Ile d’Groix. Let’s put it context for you: About 4 miles long by 1.5 miles wide…

Or try this pair of photos of the same kind of facility (the Capitainerie or Harbourmaster’s Office)

Port Louis 004

Impressive new Capitainerie at Port Louis

Ile d'Groix 012

This one does a similar job on Ile d’Groix

 

 

 

 

 

 

 

Ile d’Groix. Pop: around 2500 permanent, 1 small marina. Across the water is Lorient: Pop 225000. 5 marinas.

It’s not surprising that Ile d’Groix is a top spot for visiting boats from nearby. And not so nearby.

We pitched up from Port Louis (*****favourite) a long leg of 10 nm with a nice sail.
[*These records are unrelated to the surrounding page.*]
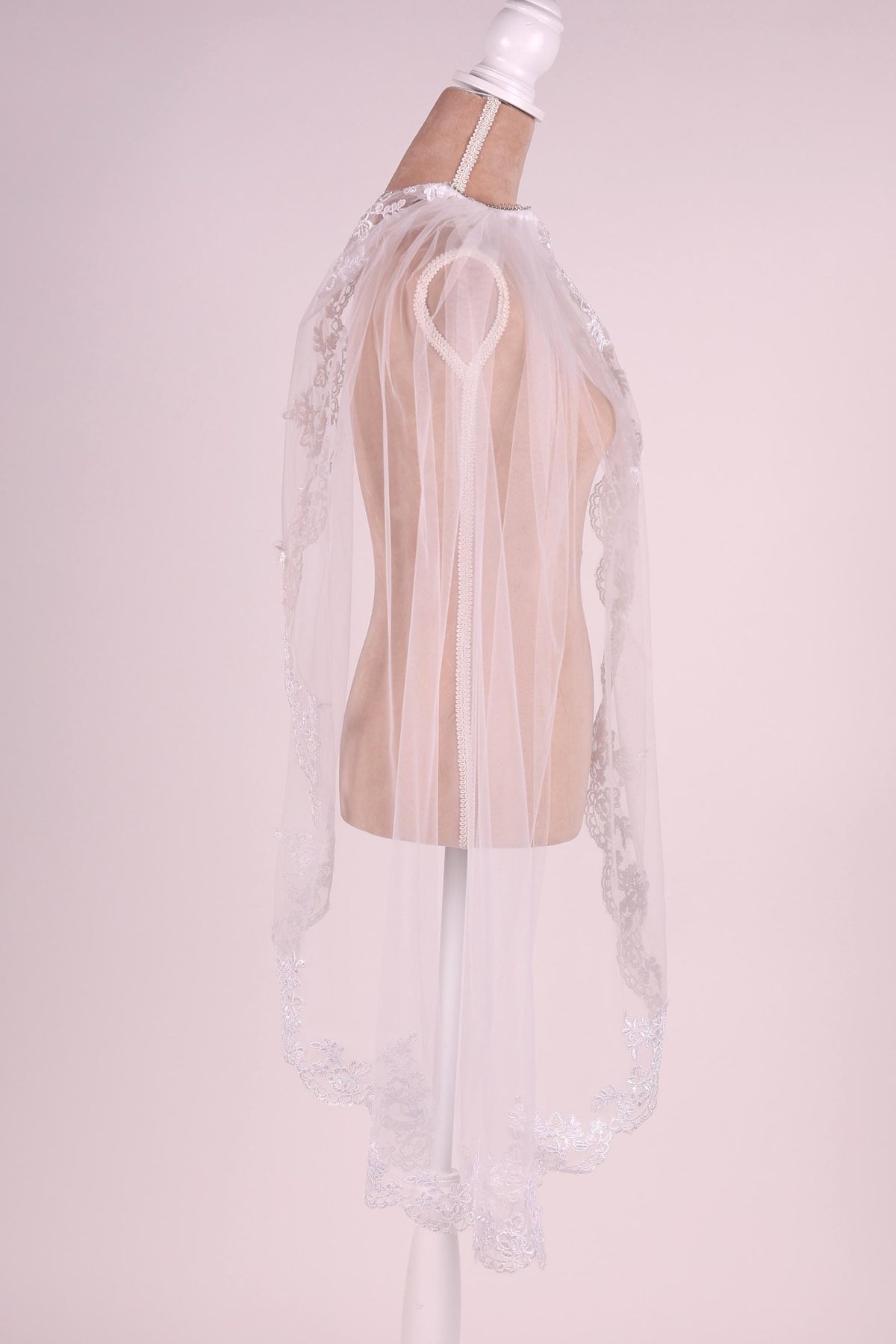 A white mannequin wearing a white lace veil with a delicate floral pattern.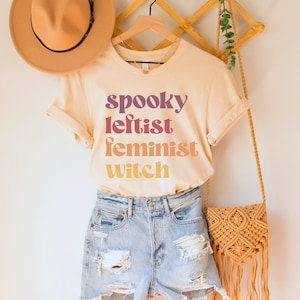 May include: A light beige t-shirt with the text "spooky leftist feminist witch" in a rainbow gradient. The shirt is on a hanger with a brown hat and a woven bag.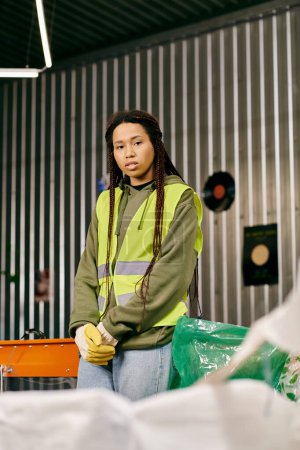 A young volunteer in a yellow vest sorts waste in a warehouse, embodying eco-conscious practices.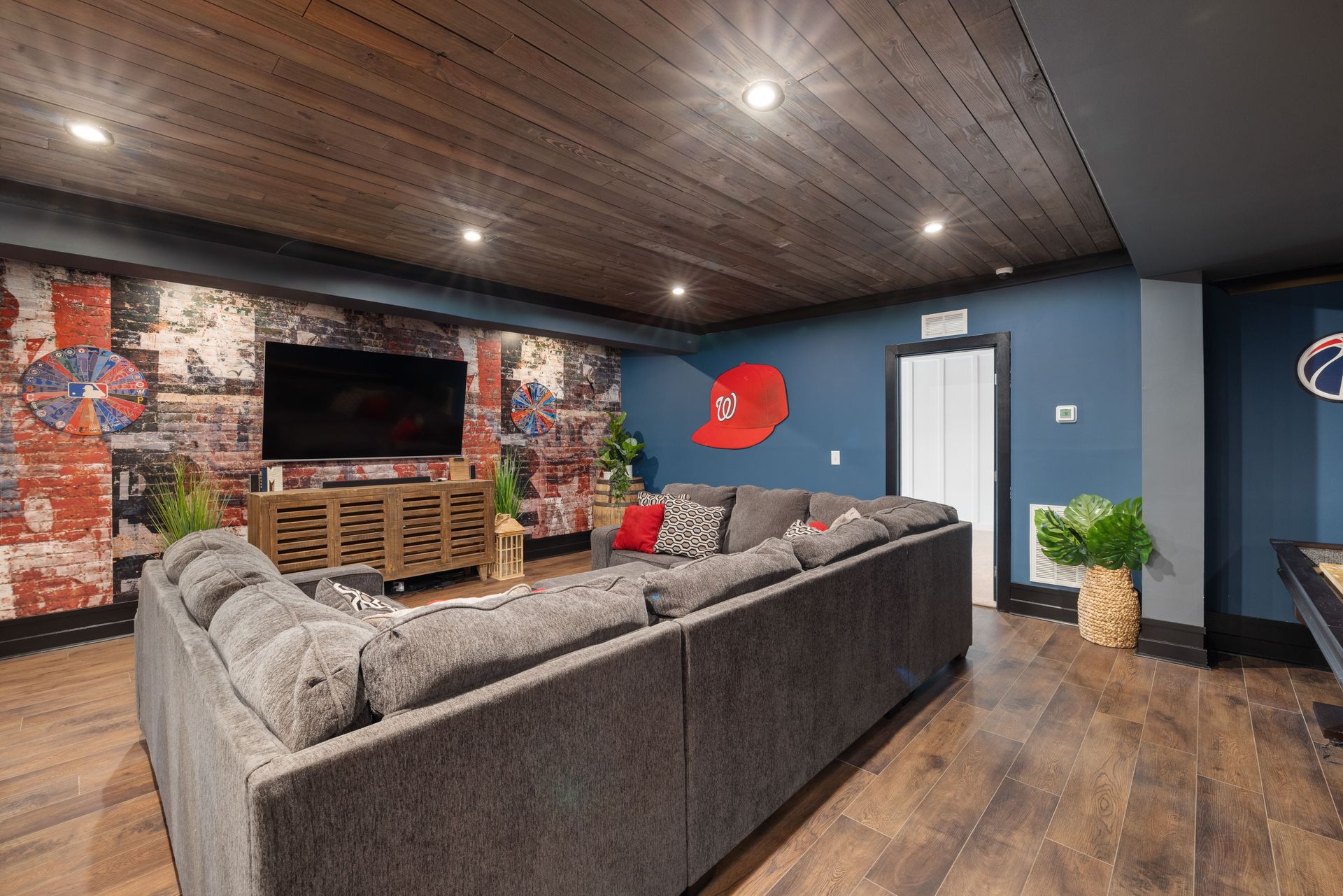 Spacious basement room featuring stylish decor, large couch, and TV setup.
It’s full. Fuller than full. Not enough capacity, of water, of marina, of electrics.

Ile d'Groix 013

Cap’n – the di-lithium crystals can’t take much more of it

The Rhythm of the port

…goes like this:

  • It’s in 3 bits: the inner locked bit for local boats.
  • The marina. Standard stuff. Always full.
  • The outer harbour– fore and aft buoys.

Did I mention the ferry bit? That takes up a lot of space.

Did I mention it’s always full? Even late June. It’s full and the workings go thus:

  • Turn up anytime: there’s no space in the marina. As I said and all the pilots say, it’s full.
  • If you are very lucky you can raft on one of the hammerheads to a max of 3 deep.
    • Fishing boats will disturb in the early morn
    • But the benefit is you get first dibs on seeing marina berths become empty

Turn up in the afternoon and you might get somewhere to stay in the outer port on the fore and aft buoys. Not so bad as long as you have a dinghy. Nice views. Not so manic.

Except when the ferry does a 180 turn, and uses your boat as a guide.

he gets this close:

Ile d'Groix 022

wait for it, wait for it….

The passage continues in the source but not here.